- _Task details_
Quote exactly, and only, the lines of the material below from the line with "Mazda MX-5 - Versione" through the line with "Resin Pendants FIND-C096-01P-11-3".

:: Source information

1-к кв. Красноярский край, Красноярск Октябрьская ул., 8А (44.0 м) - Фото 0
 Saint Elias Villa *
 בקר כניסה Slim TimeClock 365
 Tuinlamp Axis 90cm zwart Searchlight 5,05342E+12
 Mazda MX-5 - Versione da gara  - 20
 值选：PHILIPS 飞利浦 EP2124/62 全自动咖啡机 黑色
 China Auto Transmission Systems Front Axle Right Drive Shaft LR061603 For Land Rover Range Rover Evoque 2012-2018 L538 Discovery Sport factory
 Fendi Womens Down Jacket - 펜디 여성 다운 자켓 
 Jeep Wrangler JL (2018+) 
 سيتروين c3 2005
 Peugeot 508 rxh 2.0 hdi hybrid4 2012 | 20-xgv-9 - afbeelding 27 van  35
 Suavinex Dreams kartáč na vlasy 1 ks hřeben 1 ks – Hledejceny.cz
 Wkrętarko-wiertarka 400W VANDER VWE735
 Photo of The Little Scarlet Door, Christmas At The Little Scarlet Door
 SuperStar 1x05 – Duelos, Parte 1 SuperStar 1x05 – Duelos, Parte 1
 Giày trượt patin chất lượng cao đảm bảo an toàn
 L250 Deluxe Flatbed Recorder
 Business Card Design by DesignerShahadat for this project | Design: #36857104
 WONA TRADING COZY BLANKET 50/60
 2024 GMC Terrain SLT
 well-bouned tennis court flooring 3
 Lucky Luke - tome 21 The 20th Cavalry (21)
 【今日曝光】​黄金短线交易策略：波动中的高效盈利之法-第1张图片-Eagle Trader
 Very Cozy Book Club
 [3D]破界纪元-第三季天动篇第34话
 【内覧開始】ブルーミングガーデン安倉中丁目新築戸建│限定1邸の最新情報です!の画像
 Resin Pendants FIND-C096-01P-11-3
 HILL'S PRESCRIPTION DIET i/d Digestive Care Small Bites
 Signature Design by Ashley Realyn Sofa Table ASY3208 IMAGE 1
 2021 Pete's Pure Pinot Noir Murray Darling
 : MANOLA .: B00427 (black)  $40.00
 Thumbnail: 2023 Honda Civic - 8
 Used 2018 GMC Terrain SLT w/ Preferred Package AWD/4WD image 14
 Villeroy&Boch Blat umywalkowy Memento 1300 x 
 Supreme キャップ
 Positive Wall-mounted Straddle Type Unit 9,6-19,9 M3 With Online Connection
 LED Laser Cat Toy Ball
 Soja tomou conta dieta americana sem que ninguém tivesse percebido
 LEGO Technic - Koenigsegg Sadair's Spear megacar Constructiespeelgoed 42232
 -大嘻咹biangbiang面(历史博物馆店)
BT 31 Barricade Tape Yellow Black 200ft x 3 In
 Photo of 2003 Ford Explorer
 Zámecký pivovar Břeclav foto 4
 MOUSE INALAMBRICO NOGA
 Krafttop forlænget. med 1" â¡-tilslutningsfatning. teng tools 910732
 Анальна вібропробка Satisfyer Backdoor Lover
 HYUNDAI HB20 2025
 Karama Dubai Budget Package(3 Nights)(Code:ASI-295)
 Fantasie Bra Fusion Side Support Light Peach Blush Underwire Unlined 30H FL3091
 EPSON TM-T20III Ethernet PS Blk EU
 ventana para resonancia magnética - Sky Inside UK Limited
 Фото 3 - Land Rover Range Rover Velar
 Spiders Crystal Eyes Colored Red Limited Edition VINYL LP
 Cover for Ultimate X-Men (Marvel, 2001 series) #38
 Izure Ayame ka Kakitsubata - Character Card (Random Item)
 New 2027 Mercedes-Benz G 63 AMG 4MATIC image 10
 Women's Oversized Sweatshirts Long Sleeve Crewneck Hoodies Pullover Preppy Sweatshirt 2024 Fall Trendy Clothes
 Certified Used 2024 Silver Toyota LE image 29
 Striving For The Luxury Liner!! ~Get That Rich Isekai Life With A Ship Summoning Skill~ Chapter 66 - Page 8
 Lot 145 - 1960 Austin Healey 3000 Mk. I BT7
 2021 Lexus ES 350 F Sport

::::

- _Output for this exercise_
 Mazda MX-5 - Versione da gara  - 20
 值选：PHILIPS 飞利浦 EP2124/62 全自动咖啡机 黑色
 China Auto Transmission Systems Front Axle Right Drive Shaft LR061603 For Land Rover Range Rover Evoque 2012-2018 L538 Discovery Sport factory
 Fendi Womens Down Jacket - 펜디 여성 다운 자켓 
 Jeep Wrangler JL (2018+) 
 سيتروين c3 2005
 Peugeot 508 rxh 2.0 hdi hybrid4 2012 | 20-xgv-9 - afbeelding 27 van  35
 Suavinex Dreams kartáč na vlasy 1 ks hřeben 1 ks – Hledejceny.cz
 Wkrętarko-wiertarka 400W VANDER VWE735
 Photo of The Little Scarlet Door, Christmas At The Little Scarlet Door
 SuperStar 1x05 – Duelos, Parte 1 SuperStar 1x05 – Duelos, Parte 1
 Giày trượt patin chất lượng cao đảm bảo an toàn
 L250 Deluxe Flatbed Recorder
 Business Card Design by DesignerShahadat for this project | Design: #36857104
 WONA TRADING COZY BLANKET 50/60
 2024 GMC Terrain SLT
 well-bouned tennis court flooring 3
 Lucky Luke - tome 21 The 20th Cavalry (21)
 【今日曝光】​黄金短线交易策略：波动中的高效盈利之法-第1张图片-Eagle Trader
 Very Cozy Book Club
 [3D]破界纪元-第三季天动篇第34话
 【内覧開始】ブルーミングガーデン安倉中丁目新築戸建│限定1邸の最新情報です!の画像
 Resin Pendants FIND-C096-01P-11-3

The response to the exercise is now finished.